The third try was not a charm for the Maroons, ending their season Saturday with a 25-21, 25-14 loss to the Blue Devils at Wharton Field House.

Quincy (34-3), which moved to Tuesday's Normal Sectional semifinals, had 12 kills in the match. However, Moline (31-4) helped the Blue Devils with 12 attack errors, and seven serving faults.

"We've been working on our strengths and their weaknesses," said Quincy senior setter Hannah Kvitle, who is St. Louis University-bound.

"If you focus on a team's weaknesses, you're going to take them out of their game, and that's what we did. We knew them inside and out."

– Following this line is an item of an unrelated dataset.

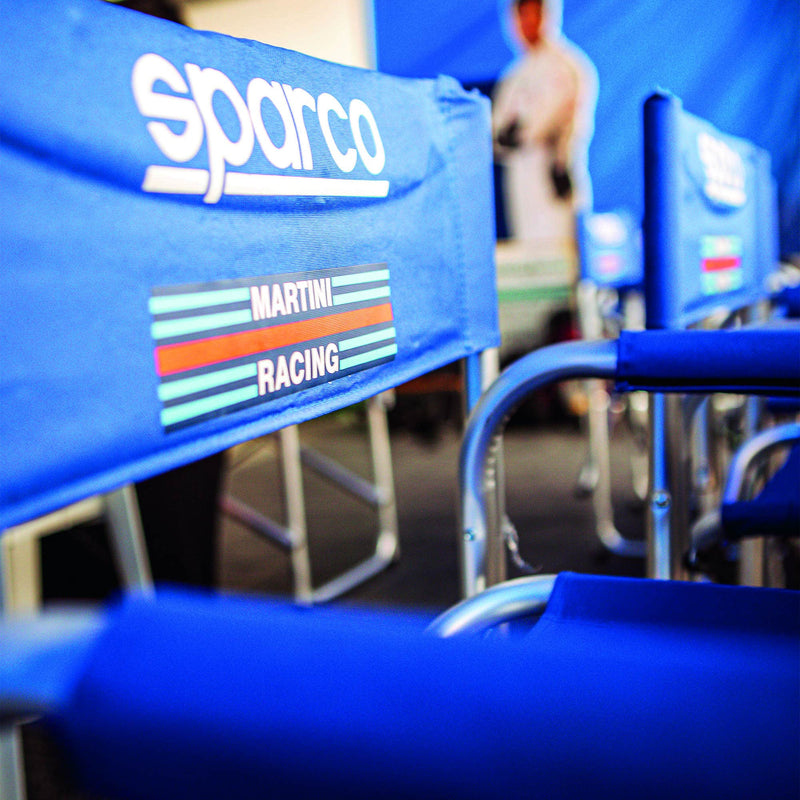 Sparco Martini Racing Aluminium Folding Director’s Chair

After a tight first game, Quincy registered five stuff blocks as a team and one kill error in Game 2, leading by a comfortable margin the rest of the way.

With nobody on Moline getting into true rhythm - Samantha Fournier led with seven kills, but also four errors - coach Tim Albrecht turned to junior Brittany Bush, who never had played volleyball until this past summer.

Bush obliged with an instant impact during Game 2, recording two kills and two block assists - igniting the Moline bench and crowd.

"She didn't even know how many hits there were on a side four months ago," Albrecht said. "For her to start where she did and come this far is satisfying."

Added junior middle hitter Marquisha Harris: "She's so big. I wish we could have had her last year so she would have been playing this year. Next year, she'll start."

But while Bush provided a nice spark plug, the Maroons needed a whole generator to combat the 6-footer-laden Blue Devils. Moline won the first game in this year's series - 25-23 on Oct. 15 at Wharton, when Harris rocketed a kill off Kvitle's shoulder on game point -- but Quincy was airtight after that, deflating its rival in six straight games.

"It seems like jitters and nerves got the best of us at some points," Harris said. "I think there were times that we tried too hard as a team, and it backfired."